/tbd_audio_stack

Audio Stack for ROS Applications

Primary LanguageCMakeMIT LicenseMIT

tbd_audio_stack

COPYRIGHT(C) 2020 - Transportation, Bots, and Disability Lab - CMU
Code released under MIT.
Contact - Zhi - zhi.tan@ri.cmu.edu

A collection of ROS Packages that handles audio processing from capture to recognition (Utterance). The collection consist of the following packages:

tbd_audio_msgs

This repository consist of ROS Messages used throughout the collections

tbd_audio_capture

Currently this is a republish of audio signal from audio_capture with our own message (tbd_audio_msgs/AudioStamped) which encodes the same data but adds additional information about originating time in the header.

tbd_audio_vad

This package is a wrapper for WebRTCVADPy which conducts voice activity detection on the received stamped audio

tbd_audio_recognition_deepspeech

This package is a wrapper for Mozilla's open source implementation of DeepSpeech. It takes in both the VAD and Stamped audio and publishes a detected utterances.

tbd_amazon_transcribe

This package is a wrapper for Amazon's AWS Transcribe service. It takes in both the VAD and Stamped audio and publishes a detected utterances.

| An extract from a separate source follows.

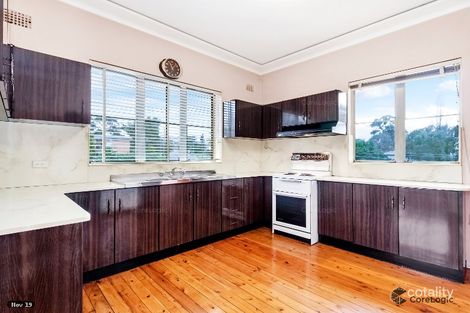 Property photo of 141 Quarry Road Ryde NSW 2112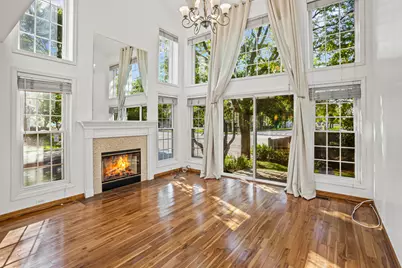 807 Fairmont Court, Des Plaines, IL 60018 - Photo 5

Quick 10-Step Setup Instructions

  1. Install ROS Melodic.
  2. Install these ROS dependencies:
    sudo apt install ros-melodic-audio-common*
    sudo apt install ros-melodic-audio-capture*
  3. Install Python 3 dependencies:
    sudo apt install python3-venv
  4. Create a new ros workspace and python3 virtual environment.
    mkdir catkin_ws && cd catkin_ws
    python3 -m venv venv
    source vevn/bin/activate
  5. Install the following python3 dependencies into the virtual environment:
    pip install webrtcvad deepspeech==0.7.4 rospkg empy alloylib
  6. Create and navigate to the src directory.
    mkdir src && cd src
  7. Clone the tbd_audio_stack repo into src.
    git clone https://github.com/CMU-TBD/tbd_audio_stack.git
  8. Download the correct deepspeech model files.
    cd src/tbd_audio_stack/tbd_audio_recognition_deepspeech && mkdir models && cd models
    wget https://github.com/mozilla/DeepSpeech/releases/download/v0.7.4/deepspeech-0.7.4-models.pbmm
    wget https://github.com/mozilla/DeepSpeech/releases/download/v0.7.4/deepspeech-0.7.4-models.scorer
  9. Go back to the workspaces's root directory and build and run your project. Make sure to be in the python3 virtual environment.
    cd ~/<path_to_your_workspace>/catkin_ws
    catkin build -DPYTHON_VERSION=3
    source devel/setup.bash
    roslaunch tbd_audio_recognition_deepspeech run_recognition.launch
  10. Every thing sould run correctly, and you should be able to see the text output by running rostopic echo /utterance and speaking into your computers microphone.